Depuis 1981, environ 4000 requêtes ont été déposées devant la Cour européenne des Droits de l'Homme (que par commodité nous noterons "Cour EDH" tout au long du devoir) invoquant un manquement par la France aux dispositions de la Convention, celle-ci se voyant infliger plus d'une cinquantaine de condamnations. Les cas les plus fréquents ayant donné lieu à une condamnation de la France par la Cour EDH concernent les violations de l'article 8 protégeant le droit au respect de la vie privée et familiale, mais aussi et surtout les violations de l'article 6 dues à la longueur excessive ou au caractère non équitable de procédures.
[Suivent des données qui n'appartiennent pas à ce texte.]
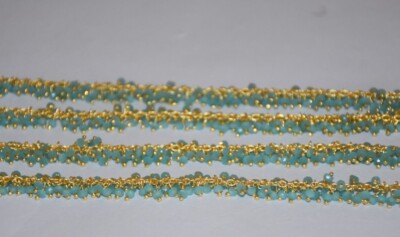 Beaded Bulk Rosary Chain   Aqua Chalcedony Glass Beads Belly Chain Grapes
Adoptée en 1950 sous l'égide du Conseil de l'Europe, la Convention Européenne de sauvegarde des Droits de l'Homme et des libertés fondamentales, que pour plus de simplicité nous noterons ensuite Convention EDH, proclame entre autres le principe du droit de toute personne à un procès équitable dans un délai raisonnable par un tribunal indépendant et impartial, « qui déciderait, soit des contestations sur ses droits et obligations de caractère civil, soit du bien fondé de toute accusation en matière pénale dirigée contre elle. » Cette convention, et donc son article 6 relatif au droit au procès équitable, n'ont été ratifiés par la France que par le décret du 3 mai 1974, pendant la présidence intérimaire d' Alain Poher. Puis l'arrêt Nicolo (CE Ass, 20 octobre 1989, Nicolo), en mettant fin à la théorie de la loi écran, a permis de faire prévaloir effectivement la Convention EDH et donc l'article 6 sur les lois françaises, même postérieures.
[...] Il faut d'ailleurs savoir que la jurisprudence de la Cour EDH a été et reste parmi les premiers facteurs d'évolution de la juridiction administrative. Se pose dès lors la même question que pour le droit communautaire, à savoir celle de la portée qu'elle revêt dans l'ordre interne, et en particulier ici sur la juridiction administrative. En effet, la soumission du juge administratif à l'article 6 de la convention EDH influence le régime du contentieux administratif et l'aménagement de la juridiction qui en connaît. L'article 6 de la Convention EDH intéresse le juge administratif de deux points de vue principaux. [...]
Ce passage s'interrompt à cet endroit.